The sun was steadily sinking when we finished. Before leaving, we made time for a last supper of sorts. Bringing David along, we found a local pizza joint. It had Formica-topped tables and a counter where food was ordered. We ate greasy pizzas and chatted. Over dinner, our daughter’s parents (me being one of them) expressed our nervous worries in a seemingly endless series of nags and reminders, while David smiled and remarked how familiar it all seemed to him.
With dinner beginning to digest, we were back at her new townhouse and giving her hugs goodbye. We took deep breaths and started the engine of our rental truck. As we left, we watched her through the front window of the townhouse. David was already chatting with her, easing her nervousness. David, we could tell, was a good young man. He would find a way to take her gently under his wing, but as a peer, not an authority figure. David, we could see, was her bridge into the next phase of her life.
It was hard not to reflect and fret a little as we drove back north on I-95 to Northern Virginia. Speaking of fretting, our cat Arthur was not happy to be left alone all day. He stared at the door waiting for Rosie to come in. We let him sit on our lap and talked to him, but he seemed to know that his well-ordered world had been disturbed too. To bring some predictability to his life, he went back and sat on his special spot on the living room carpet. Wearily I returned the rental truck to a dark rental lot, putting nearly $50 in gas in it and dropping the keys in its after hours box.
Before bed, a shower was required, no matter how tired I was. I was returning to something that used to be normal: a house where the lights went off when we went to bed and where our daughter naturally fell asleep when we tucked her in. It felt momentarily weird, then gratefully normal.
Each day since we moved her in on Monday, we have fretted a bit about her. We have checked up on her on occasion with an email, but we are also feeling more settled ourselves in our new empty nest. For the truth about childrearing is that if you love them, at some point you have to send them packing. We did, with a lot of love, some stifled tears and great gobs of money.
The house is definitely quieter, and we will treasure those weekend and semester breaks when our daughter deigns to visit us. Nevertheless, we will also be appreciative to have our own couple space again. For the truth is that no matter how much you love your children, you don’t own them. At best, you only rent them. The rent is very high, and the work to raise them is often hectic and at times overwhelming.
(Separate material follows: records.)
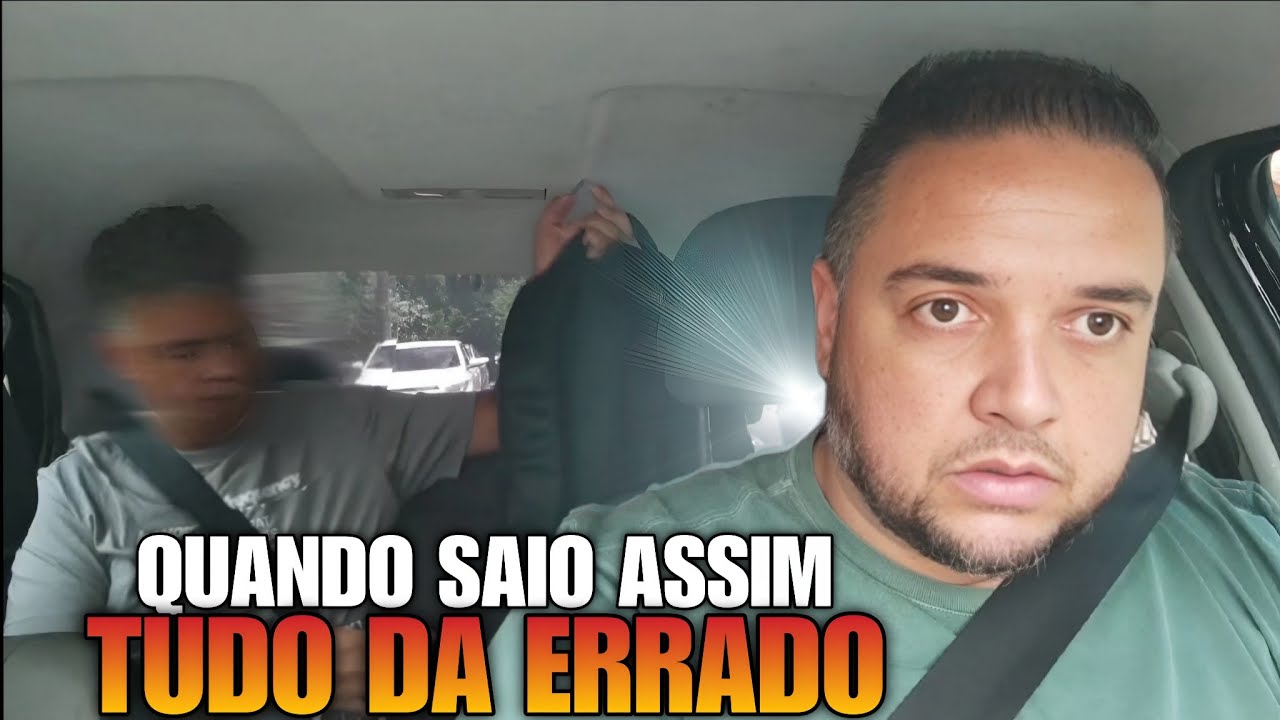 ESTOU COMEÇANDO A ADESTRAR OS PASSAGEIROS DA UBER 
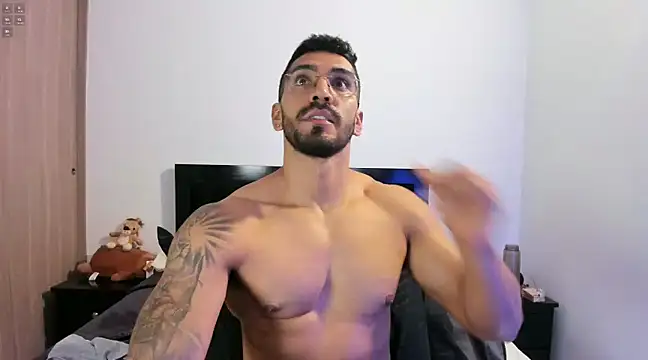 tony muscle online show from 01-31-25, 04:03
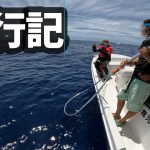 【スロージギング】梅雨時期の釣行【奄美大島】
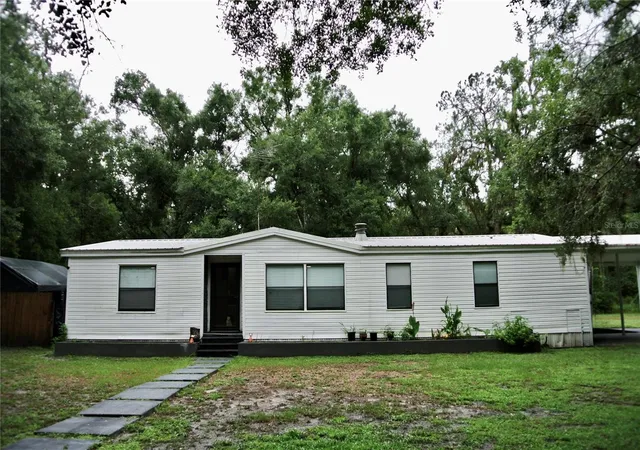 Photo 1 of Manufactured home for sale at 38122 Central Ave, Zephyrhills, FL 33540 | MLS# TB8530256 | Listing updated on 2026-08-25
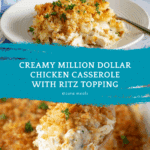 Million Dollar Chicken Casserole Recipe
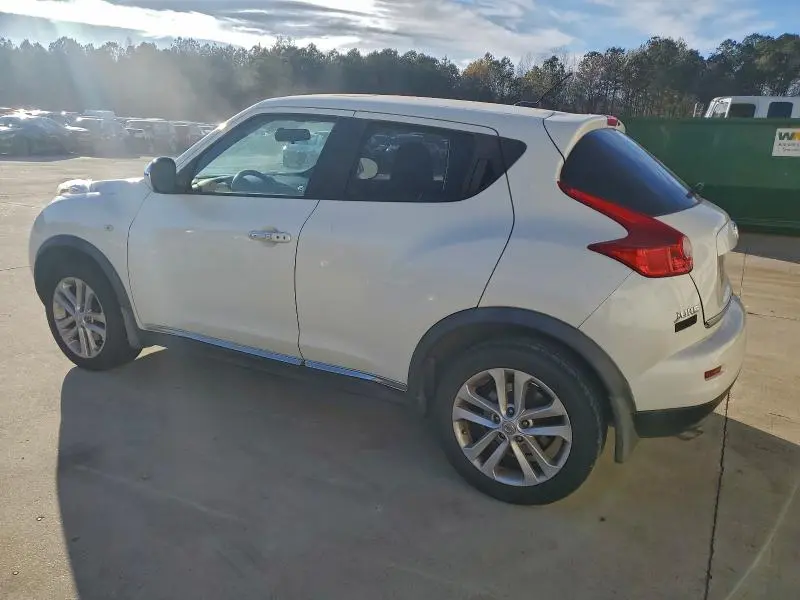 2013 NISSAN JUKE S  
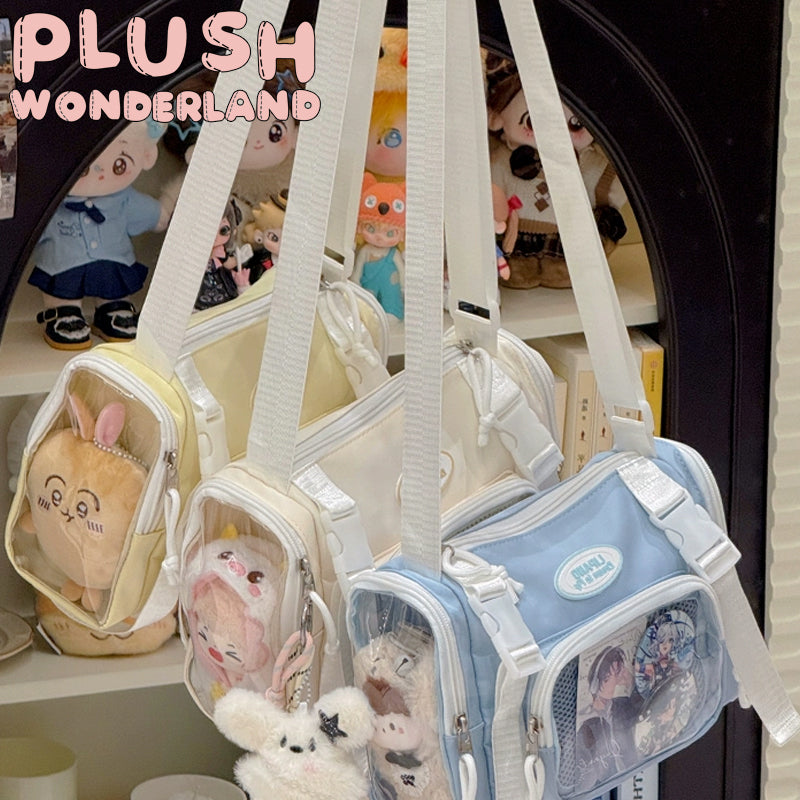 【In Stock】PLUSH WONDERLAND ItaBag 10cm Doll Crossbody Bag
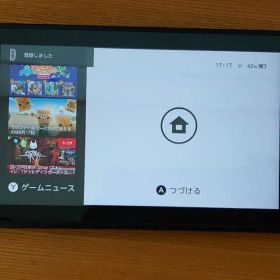 Nintendo Switch 本体 グレー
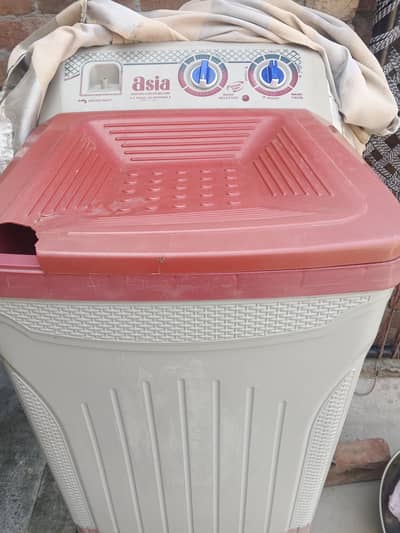 super Asia washing machine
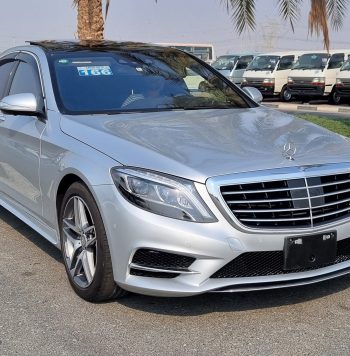 Mercedes Benz S400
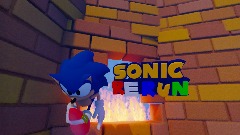 Sonic Model (Uekawa) Extended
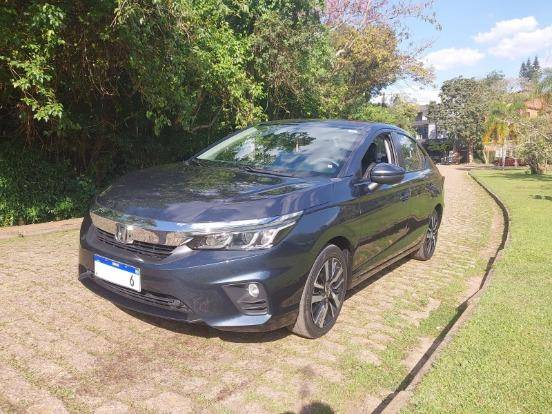HONDA CITY 1.5 i-VTEC FLEX EXL CVT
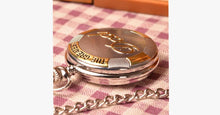 Load image into Gallery viewer, Greatest Dad Pocket Watch - FREE SHIP DEALS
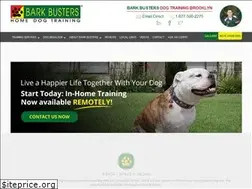 Sites similar to dogtrainingbrooklyn.com
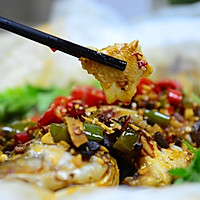 “鱼”见美好—双椒纸包鲈鱼的做法图解24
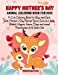 Immagine del venditore per Happy Mother's Day Animal Coloring Book for Kids: A Cute Coloring Book for Boys and Girls with Mother's Day Animal Theme Such as Lovely Rabbit, . 2-5 Years Old (The Baby's Bunny Books) [Soft Cover ] venduto da booksXpress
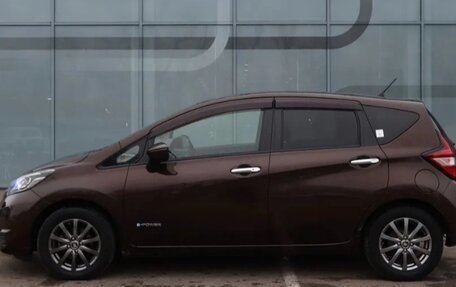 Nissan Note II рестайлинг, 2017 год, 1 185 000 рублей, 13 фотография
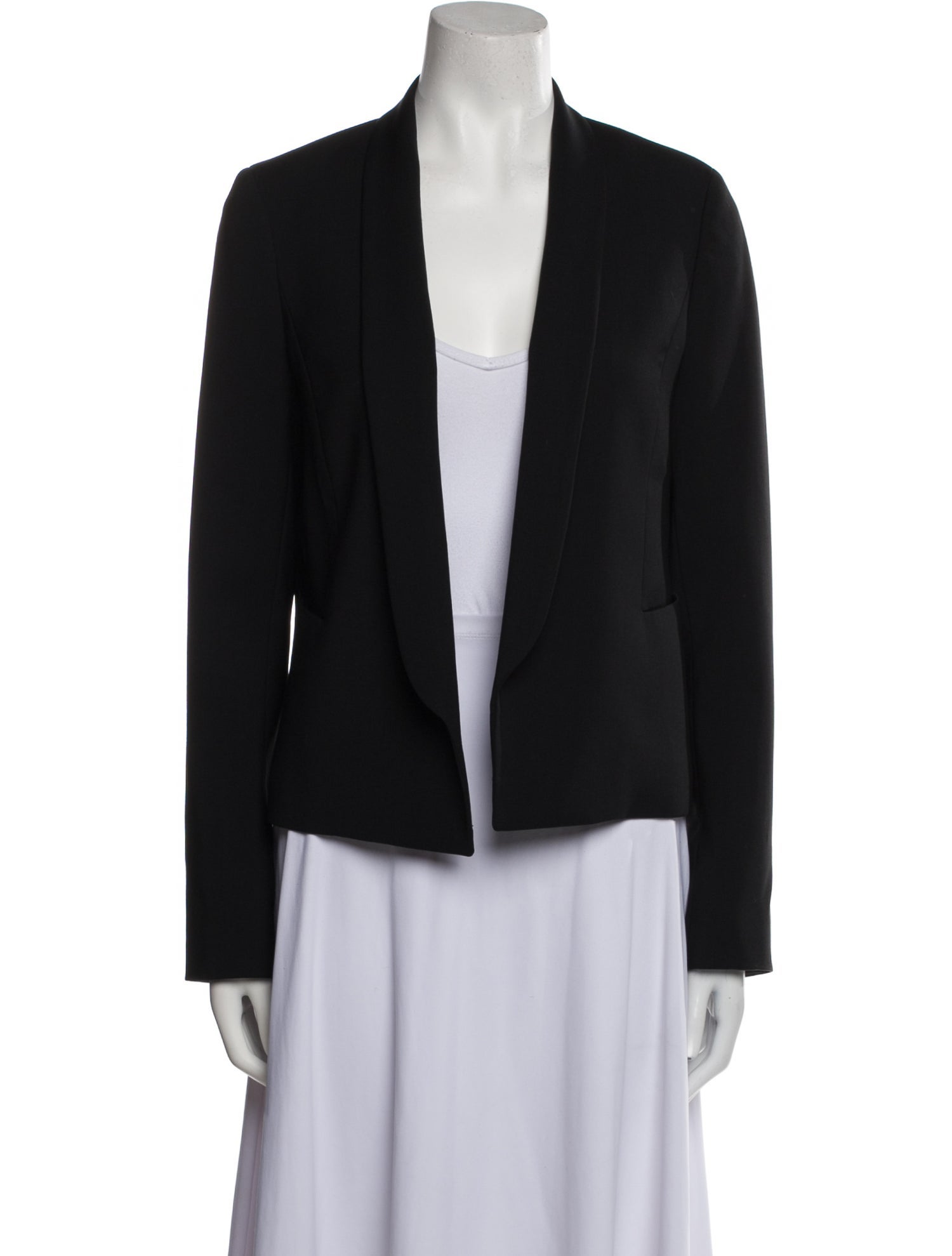 Vince Wool Evening Jacket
You know you won’t have turned out a perfect young adult, but perhaps on reflection you can say you did pretty well. You realize, it’s okay to have this loved, cherished and sometimes annoying person spend a couple decades with you and then let them go. It may feel more traumatic than natural, but it is natural.
The parenting role is never entirely over, but a transition is underway which is ultimately good for both parent and offspring. It is as it should be. The new silence in our house is a bit peculiar, but it feels sort of welcoming and well deserved.
I plan to sleep in very late on Saturday.